Figure 1. A summary plot of some of the data sets available in the CDFS area and used in this
exercise, namely: SOFI near-IR (red square), ISAAC near-IR (dark blues squares), first epoch
ACS (light blue squares), and Chandra sources (pink crosses), while the background image is a
WFI V band preview.
The background image is a WFI V band preview image (i.e. the pixels in the original image are binned up to reduce the data volume) and the red square marks the boundary of the SOFI near-IR data, so that the area within the red square is the coverage of the EIS UBVRIJK catalogue. For comparison, the dark blue squares mark the area covered by the eight ISAAC fields used in the creation of the ERO catalogue analysed by Roche et al., so we are considering a significantly larger area of sky here. The pink crosses are the sources from the Chandra catalogue of Giacconi et al., and the light blue squares plot the fields from the first epoch of ACS observations.
In outline, our exercise proceeds as follows. We start by investigating the selection of EROs from the EIS UBVRIJK catalogue, by extracting a subset of the catalogue from VizieR in VOTable format and reading it into both VOPlot and Mirage: VOPlot reads VOTables directly, while we have to run an XSLT transform before reading the data into Mirage.

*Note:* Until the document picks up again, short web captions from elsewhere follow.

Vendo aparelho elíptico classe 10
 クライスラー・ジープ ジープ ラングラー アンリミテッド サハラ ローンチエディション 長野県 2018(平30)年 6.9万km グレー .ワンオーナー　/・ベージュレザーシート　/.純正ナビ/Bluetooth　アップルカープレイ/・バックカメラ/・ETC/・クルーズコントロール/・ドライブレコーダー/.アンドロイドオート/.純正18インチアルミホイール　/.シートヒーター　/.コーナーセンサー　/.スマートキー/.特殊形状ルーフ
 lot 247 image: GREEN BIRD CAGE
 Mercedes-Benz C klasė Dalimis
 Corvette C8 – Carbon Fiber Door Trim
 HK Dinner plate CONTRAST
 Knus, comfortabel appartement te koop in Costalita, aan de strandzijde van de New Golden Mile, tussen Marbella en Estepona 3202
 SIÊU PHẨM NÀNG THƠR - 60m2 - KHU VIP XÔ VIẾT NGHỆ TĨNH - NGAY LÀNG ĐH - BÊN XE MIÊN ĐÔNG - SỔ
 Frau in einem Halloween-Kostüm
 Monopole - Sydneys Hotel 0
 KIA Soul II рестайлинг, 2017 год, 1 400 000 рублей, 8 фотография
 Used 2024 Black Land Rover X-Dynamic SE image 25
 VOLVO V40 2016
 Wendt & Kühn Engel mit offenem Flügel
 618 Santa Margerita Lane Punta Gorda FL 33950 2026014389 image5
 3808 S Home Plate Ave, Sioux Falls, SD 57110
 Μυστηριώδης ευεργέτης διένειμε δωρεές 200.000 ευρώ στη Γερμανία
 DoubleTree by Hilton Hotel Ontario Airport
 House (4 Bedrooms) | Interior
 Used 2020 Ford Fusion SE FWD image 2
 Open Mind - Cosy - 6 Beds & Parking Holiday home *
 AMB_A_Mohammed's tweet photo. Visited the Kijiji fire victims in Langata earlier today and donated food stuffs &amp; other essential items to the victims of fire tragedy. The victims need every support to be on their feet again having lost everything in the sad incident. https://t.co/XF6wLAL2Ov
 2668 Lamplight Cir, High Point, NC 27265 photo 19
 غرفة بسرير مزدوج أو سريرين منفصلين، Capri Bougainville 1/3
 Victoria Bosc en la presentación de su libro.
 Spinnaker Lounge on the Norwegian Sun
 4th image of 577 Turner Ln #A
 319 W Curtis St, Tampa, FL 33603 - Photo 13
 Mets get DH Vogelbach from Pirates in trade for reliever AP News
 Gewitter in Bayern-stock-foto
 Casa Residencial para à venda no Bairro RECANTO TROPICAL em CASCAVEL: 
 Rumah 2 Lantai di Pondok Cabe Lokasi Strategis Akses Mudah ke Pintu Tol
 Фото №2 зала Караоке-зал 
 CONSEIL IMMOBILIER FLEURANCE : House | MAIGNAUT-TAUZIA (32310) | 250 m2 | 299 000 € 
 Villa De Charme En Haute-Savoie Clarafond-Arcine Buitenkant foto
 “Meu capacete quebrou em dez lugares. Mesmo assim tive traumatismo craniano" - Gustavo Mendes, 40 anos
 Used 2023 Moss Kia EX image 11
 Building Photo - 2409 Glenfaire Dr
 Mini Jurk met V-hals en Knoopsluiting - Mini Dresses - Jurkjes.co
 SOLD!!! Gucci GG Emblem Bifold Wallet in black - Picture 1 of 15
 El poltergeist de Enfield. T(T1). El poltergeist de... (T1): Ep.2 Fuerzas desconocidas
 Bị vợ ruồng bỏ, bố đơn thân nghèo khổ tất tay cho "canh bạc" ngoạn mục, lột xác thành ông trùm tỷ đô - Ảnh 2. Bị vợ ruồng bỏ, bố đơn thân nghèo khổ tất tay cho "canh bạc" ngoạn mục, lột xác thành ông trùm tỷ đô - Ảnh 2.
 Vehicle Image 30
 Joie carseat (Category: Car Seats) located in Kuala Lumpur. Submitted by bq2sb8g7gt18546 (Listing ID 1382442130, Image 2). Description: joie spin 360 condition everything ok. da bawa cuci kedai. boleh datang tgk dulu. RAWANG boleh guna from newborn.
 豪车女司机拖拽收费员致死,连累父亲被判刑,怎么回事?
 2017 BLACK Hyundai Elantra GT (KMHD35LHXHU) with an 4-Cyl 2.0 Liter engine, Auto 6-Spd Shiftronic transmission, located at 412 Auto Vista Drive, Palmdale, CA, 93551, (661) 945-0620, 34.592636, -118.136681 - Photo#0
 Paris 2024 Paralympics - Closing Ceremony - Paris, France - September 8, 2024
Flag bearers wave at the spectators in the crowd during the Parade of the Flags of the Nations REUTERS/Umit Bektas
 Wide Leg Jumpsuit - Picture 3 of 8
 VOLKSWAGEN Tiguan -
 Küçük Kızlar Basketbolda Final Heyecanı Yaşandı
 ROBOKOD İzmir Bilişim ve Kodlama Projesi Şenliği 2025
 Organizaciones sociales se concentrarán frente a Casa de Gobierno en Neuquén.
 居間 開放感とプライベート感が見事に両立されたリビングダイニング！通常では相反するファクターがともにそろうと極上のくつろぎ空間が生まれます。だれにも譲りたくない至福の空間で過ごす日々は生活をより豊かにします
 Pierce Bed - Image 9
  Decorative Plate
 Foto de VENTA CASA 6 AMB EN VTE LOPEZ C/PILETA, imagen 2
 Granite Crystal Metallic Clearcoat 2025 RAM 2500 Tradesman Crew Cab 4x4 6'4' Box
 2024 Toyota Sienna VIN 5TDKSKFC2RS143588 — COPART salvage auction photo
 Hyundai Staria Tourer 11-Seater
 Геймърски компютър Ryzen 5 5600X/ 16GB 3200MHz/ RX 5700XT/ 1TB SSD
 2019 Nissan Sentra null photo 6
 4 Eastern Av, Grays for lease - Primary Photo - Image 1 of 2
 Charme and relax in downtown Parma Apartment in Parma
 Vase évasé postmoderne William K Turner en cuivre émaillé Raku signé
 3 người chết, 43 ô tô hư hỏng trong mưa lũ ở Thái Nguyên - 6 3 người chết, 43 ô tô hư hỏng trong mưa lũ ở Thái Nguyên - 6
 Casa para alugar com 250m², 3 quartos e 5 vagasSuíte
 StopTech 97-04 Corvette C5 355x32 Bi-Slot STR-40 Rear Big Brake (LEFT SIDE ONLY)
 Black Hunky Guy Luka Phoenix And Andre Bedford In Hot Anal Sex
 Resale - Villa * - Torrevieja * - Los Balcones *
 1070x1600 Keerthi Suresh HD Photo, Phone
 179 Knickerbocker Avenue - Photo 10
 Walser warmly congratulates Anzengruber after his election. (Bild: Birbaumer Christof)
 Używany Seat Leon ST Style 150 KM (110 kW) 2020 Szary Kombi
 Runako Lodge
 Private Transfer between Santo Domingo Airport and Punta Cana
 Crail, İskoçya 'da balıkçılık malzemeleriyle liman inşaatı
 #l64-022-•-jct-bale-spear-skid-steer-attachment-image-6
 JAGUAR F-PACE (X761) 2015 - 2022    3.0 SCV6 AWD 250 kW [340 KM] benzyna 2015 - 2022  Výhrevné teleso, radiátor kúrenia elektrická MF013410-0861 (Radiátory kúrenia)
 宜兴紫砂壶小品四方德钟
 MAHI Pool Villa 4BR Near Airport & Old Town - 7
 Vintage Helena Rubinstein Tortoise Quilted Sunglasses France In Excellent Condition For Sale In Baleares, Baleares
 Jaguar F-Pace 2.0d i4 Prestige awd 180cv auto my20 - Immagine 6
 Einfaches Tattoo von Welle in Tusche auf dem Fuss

We then perform the requisite I-K colour cut in the tools and display the ERO sample that we have just created.
Having seen how to select EROs, we then cross-match the Chandra and EIS catalogues, in preparation for investigating the properties of those associated sources which are EROs. Our cross-matching is simply done on proximity, with a matching radius of 2 arcsec, following Roche et al., and is performed within VizieR. Some manipulation in IDL is required to generate a VOTable containing the combined X-ray and optical/near-IR attributes of the matched sources, and we assess the validity of (a few of) these associations through the use of Aladin.
Our investigation into the properties of the X-ray-detected EROs then proceeds through the use of VOPlot, Mirage, Weka and CViz. Each of these is designed to explore multi-variate datasets like this, and we compare their performance in this task. This investigation identifies some interesting sources, so we use Aladin and ACE to extract further information about them, using one epoch of the ACS data in this field. Finally, we summarize our experience in undertaking this exercise and draw some conclusions from it.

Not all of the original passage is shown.